Saul cherchera à comprendre pourquoi le sport n'a pu le sauver. Dans une dernière partie désertée par la sublimation littéraire, Saul le désiré trouvera la racine du mal, mettra des mots sur l'abjection que le roman d'apprentissage avait plus ou moins occulté.
« Je suppliai qu'on m'apprenne à patiner. Mais le Père Quinney n'autorisait que les grands à jouer. J'avais huit ans et j'étais petit. Je ne cessai de demander et pour finir, le Père Leboutilier posa sa main entre mes omoplates et se pencha pour me parler. Sa main chaude me fit penser au contact de ma grand-mère.

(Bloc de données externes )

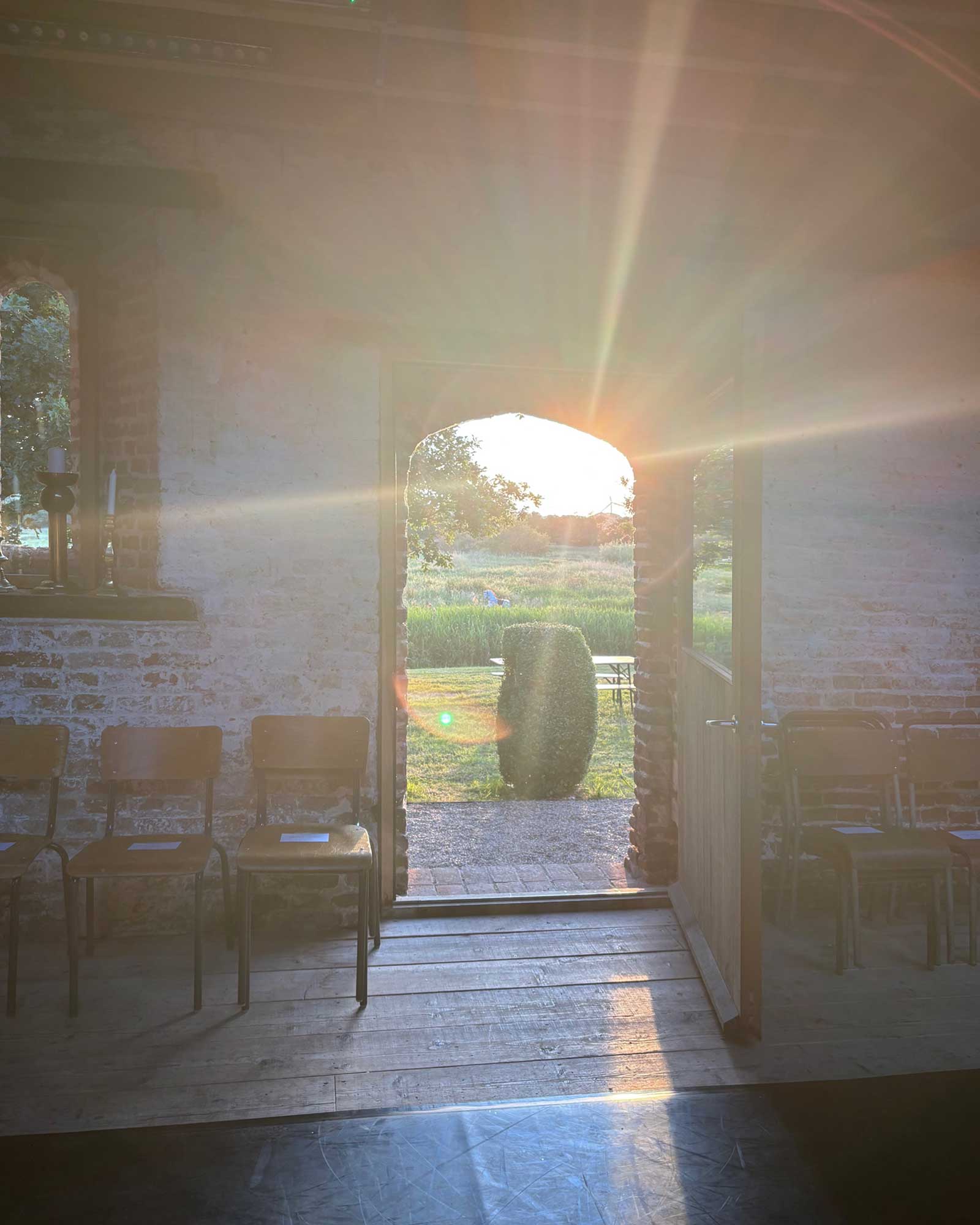 priory-grounds_estate_suffolk-england-uk_interior-sun.jpg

« Je ne peux rien faire, Saul, dit-il doucement. le règlement c'est le règlement. Si je devais ne pas le respecter pour toi, ça pourrait empêcher tout le monde de jouer.
— Mais je veux apprendre. »
Il sourit et m'attira à lui pour me prendre dans ses bras. Je fermai les yeux et je pleurai presque en souvenir de mon père. Il me tint ainsi un bon moment, puis me libéra.
« Est-ce que je peux m'occuper de la glace, alors?
— Tu veux pelleter la neige?
— Oui. N'importe quoi. »
Il regarda la course des garçons sur la glace.
« Tant que tu continues à bien étudier et que tu fais bien tes corvées, je crois que je peux arranger cela. »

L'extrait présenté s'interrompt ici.